● Exercise requirements: Aim for an exact copy of the listing, without any images.

● Source material:
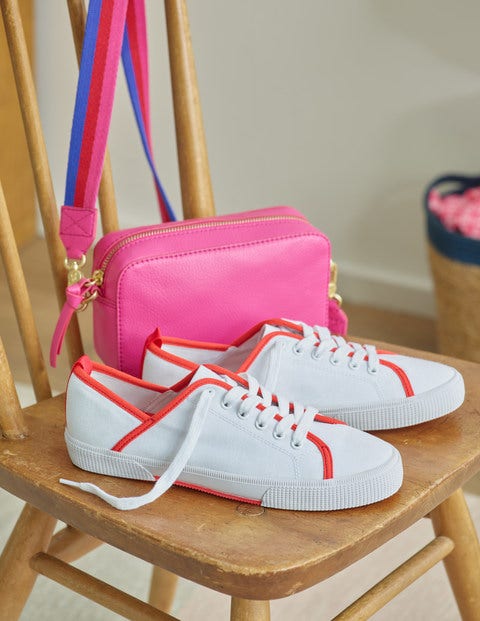 Laurie Plimsolls - White/Post Box Red Laurie Plimsolls - White/Post Box Red
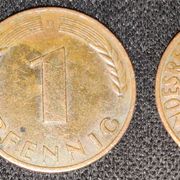 Germany LOT 1 pfennig, 1950 "D"  +  1 pfennig, 1950  "F" ***/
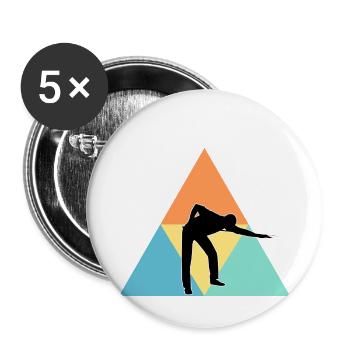 Billard - Buttons klein 25 mm (5er Pack) - Weiß - Vorne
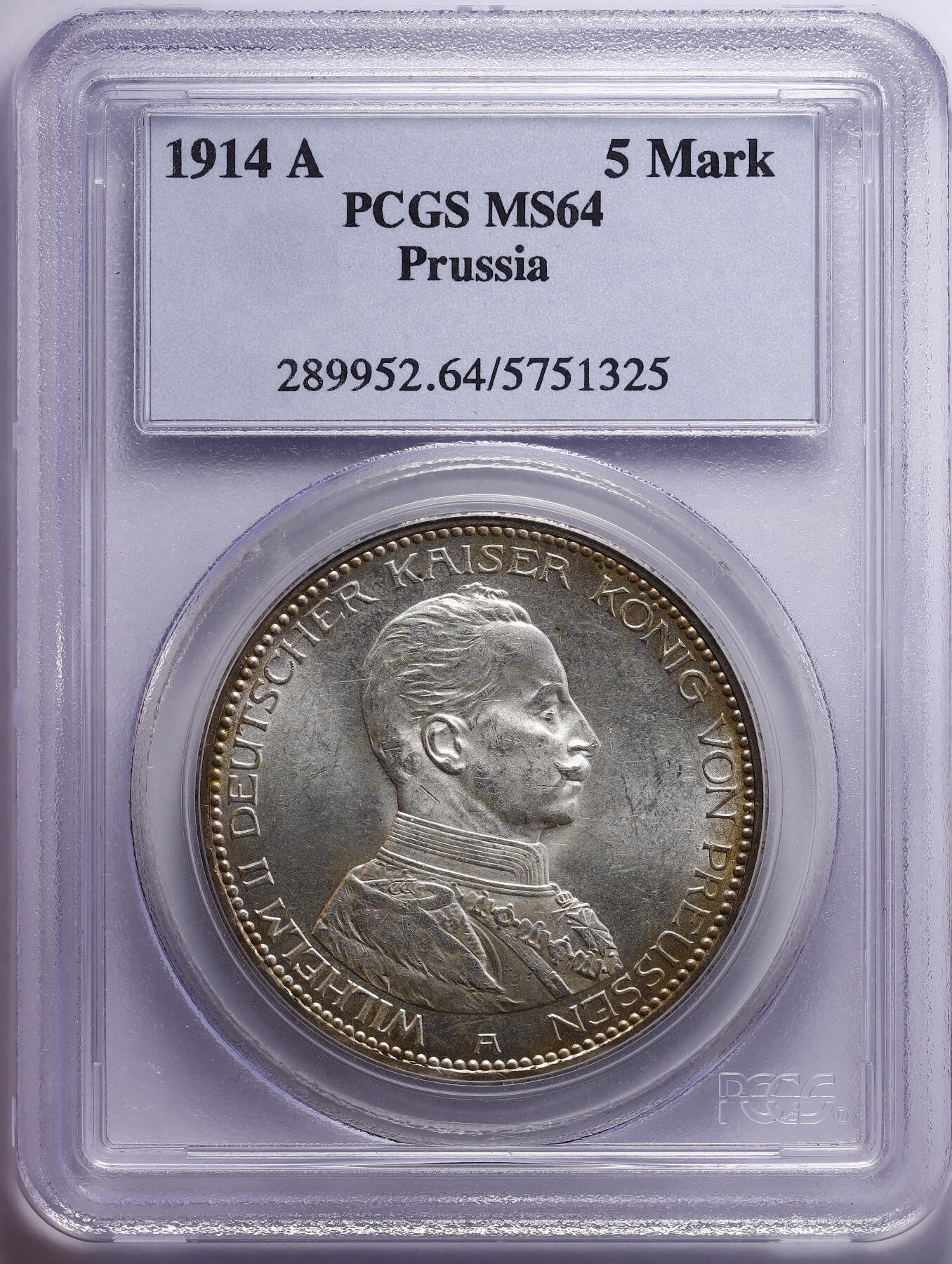 观钱 近现代机制币拍卖No.009（全场顺丰包邮，不区分偏远地区）  1914 年 A 厂 德意志第二帝国普鲁士王国 威廉二世 5 马克银币 PCGS MS64 （PCGS老盒更显价值）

● Output of the exercise:
 Laurie Plimsolls - White/Post Box Red Laurie Plimsolls - White/Post Box Red
 Germany LOT 1 pfennig, 1950 "D"  +  1 pfennig, 1950  "F" ***/
 Billard - Buttons klein 25 mm (5er Pack) - Weiß - Vorne
 观钱 近现代机制币拍卖No.009（全场顺丰包邮，不区分偏远地区）  1914 年 A 厂 德意志第二帝国普鲁士王国 威廉二世 5 马克银币 PCGS MS64 （PCGS老盒更显价值）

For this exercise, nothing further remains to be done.